Two phrases popped out of the second presidential debate as verbal keepers, and both were from by Mitt Romney: his proud recollection of using “binders full of women” when looking for cabinet members as Massachusetts governor, and his denunciation of President Obama for supposedly failing to say the words “act of terror” to describe what happened to our consulate in Benghazi.
The first sounds like just another instance of Mittspeak, one of his weird word salads (“The trees are the right height,”  athletes engage in “sport,”  his wife flies on an “aircraft” ). It is the lingual oddness of a man used to prevarication (as Ari Melber points out about the “binder” meme , Romney “signed an executive order  banning equal opportunity programs for women in 2003”), for whom language is more a form of selling than telling.
But the “act of terror” line was something else altogether.
Romney’s invocation of “act of terror” was the “gotcha” moment that turned into a “got me,” because Candy Crowley confirmed that, despite Romney’s insistence to the contrary, the president had indeed used those words the day after the attack.

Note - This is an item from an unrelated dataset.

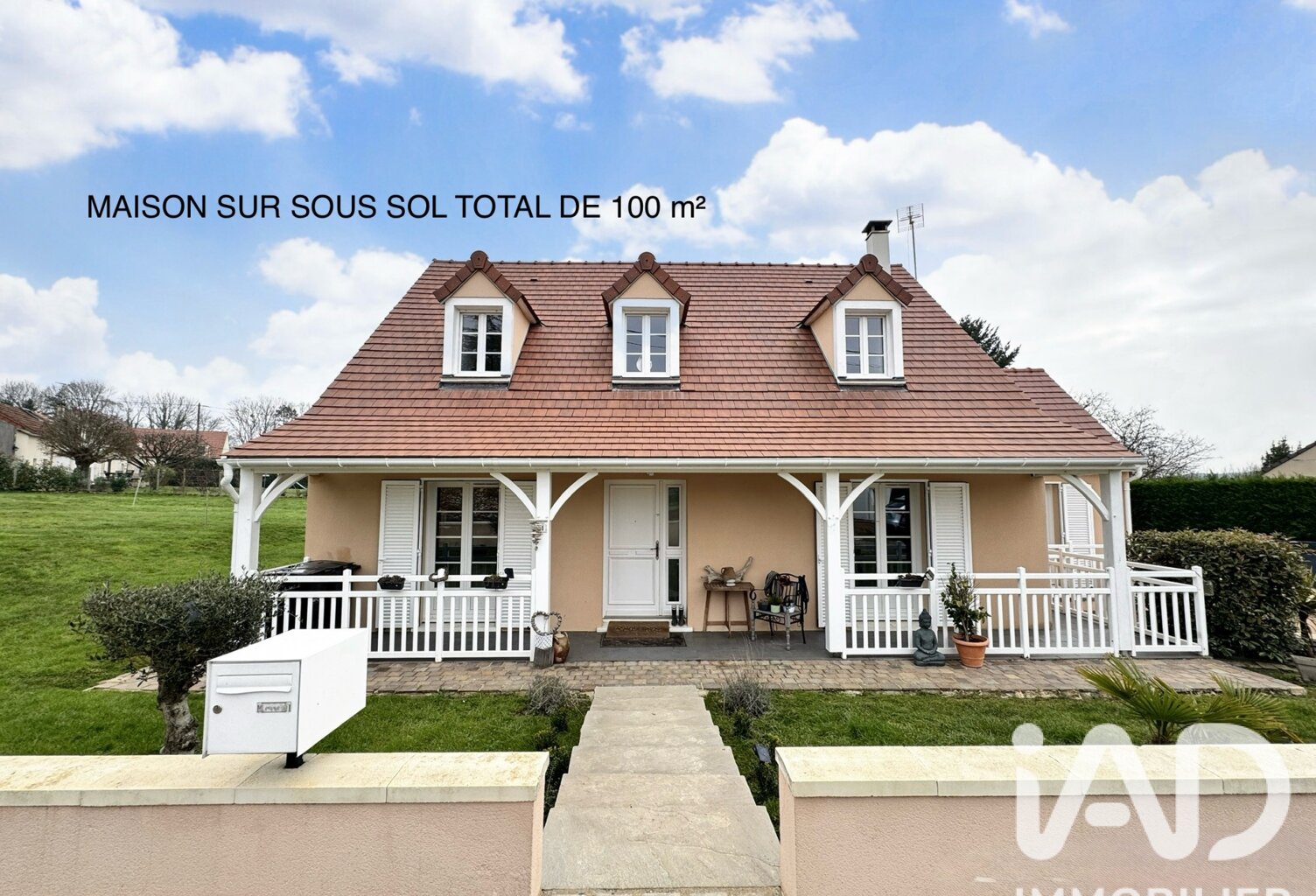 Vente Maison traditionnelle 5 pièces — photo 1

Awkward! Being called out as flat wrong seemed to both astound and infuriate Romney, as the now-famous still shot of his expression shows  (and as you can see in motion here , from The Daily Show starting around 2:43):
The moment was so awkward, in fact, that the right has been busily trying to wipe it away ever since, by asserting  that Crowley has taken it back (she hasn’t ), or that Crowley was “biased ,” or that Obama wasn’t talking about Benghazi (as Colbert asked : “How do we know he’s talking about Benghazi in that Benghazi speech the day after the Benghazi attacks?”), or by insisting that Obama’s words “act of terror” didn’t really count because he didn’t invoke the truer word, “terrorism.” “Declaring something an act of terror does not necessarily mean you are declaring it a terror attack,” declared  Fox News’ Megyn Kelly. (There are other  variations  on this last cavil, which FAIR cooly rips  to pieces.)
To the liberal mind, GOP spinners look desperate and petty when they bore down like this. But what we libs don’t understand is that Mitt Romney was at that moment citing a kind of scripture.

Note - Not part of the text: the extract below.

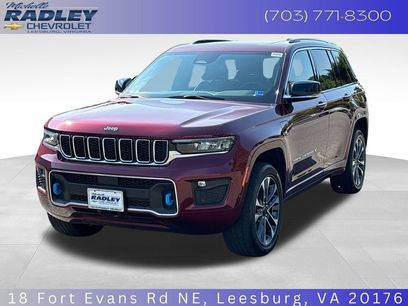 Used 2023 Jeep Grand Cherokee Overland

Words like "act of terror" are recited as a litany by the itinerant preachers of the right (known to the rest of us as “political consultants”) to drive their ideas into mainstream discourse. They are taught like new hymns and secured in the mind by rhythm and repetition. That’s why wingers so often display a punctiliousness about words—the right words, they know, can keep reality at bay, especially when chanted by a group.
The Republicans have been promoting new liturgy and reviving old standbys throughout this campaign, with varying degrees of success: “apologizes for America,” “I’m not a bump in the road ,” “Simpson Bowles,” even 2008’s “drill, baby, drill.” Some words, like “Bush,” have been banned, while some formerly verboten coinages, like “Romneycare,” have received special dispensation to be used in limited circumstances, like when reinventing yourself as a moderate. It’s semi-OK now, but when Romney spokesperson Andrea Saul simply mentioned the Massachusetts health care system back in August, Rush Limbaugh and Ann Coulter demanded an excommunication . Coulter:
if Andrea Saul isn’t fired and off the campaign tomorrow, [big donors] are not giving another dime. Because it is not worth fighting for this man if this is the kind of spokesman he has to respond to this by citing health care in Massachusetts.

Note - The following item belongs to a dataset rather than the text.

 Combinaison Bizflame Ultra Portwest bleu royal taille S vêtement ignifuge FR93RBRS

Once these phrases become part of the canon, any variation can become the mark of an apostate. Think of how a magic spell in Harry Potter must be spoken precisely to work, or how, in ancient Rome, the pontifex maximus couldn't flub a word in his public prayer without having to start the whole elaborate ceremony all over again. When Crowley said Obama had indeed uttered what Holy Writ had been declaring for two weeks that he had never said, she was not only humiliating Mitt, she was speaking sacrilege. Romney was shocked as well as angered. There just aren't words odd enough to express how it made him feel.